Recently the United States Department of Labor, Wage and Hour Division, issued an Opinion Letter of interest to any employer who employs sales persons. The Opinion Letter provides some insight on how USDL views the outside sales employee exemption contained in Section 13(a)(1) of the Fair Labor Standards Act, and the overtime statute.
Under Section 13(a)(1), an outside sales employee is one whose primary duty is making sales and who “is customarily and regularly engaged away from the employer’s place or places of business.” By exclusion, employees making sales at a fixed location, most particularly the employer’s place of business, cannot qualify as exempt from overtime compensation, as the exemption only applies to those sales persons who are “on the road” seeing customers, or making sales away from a fixed and constant location. Indeed, any fixed site, be it a home or office, used by a sales person as a headquarters, is considered one of the employer’s places of business. A “primary duty,” moreover, is the principal, main, major, or most important duty that the employee performs.

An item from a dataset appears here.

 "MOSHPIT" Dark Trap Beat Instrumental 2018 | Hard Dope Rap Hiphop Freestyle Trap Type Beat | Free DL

The outside sales employee does not lose the exemption by displaying the employer’s products at a trade show of a short duration (i.e., one or two weeks), as trade shows are not considered an employer’s place of business. Work which is performed incidental to the employee’s outside sales or solicitations, including collections, qualifies as exempt work, as does attending sales conferences.
An employee who meets the test of an outside sales person is exempt from overtime under the Fair Labor Standards Act. Inside sales persons, or those who do not qualify for the outside sales exemption, are not exempt and must be paid time and one-half their regular rate of pay for all hours worked in excess of 40 during any given workweek unless they qualify under a separate exemption for certain commissioned sales persons employed in retail service establishments.
Compensability of On Call Time
Many employers require maintenance or other employees to be “on call” during off-shift hours or over weekends. Questions frequently rise as to whether such employees must be paid for the time they spend “on call.”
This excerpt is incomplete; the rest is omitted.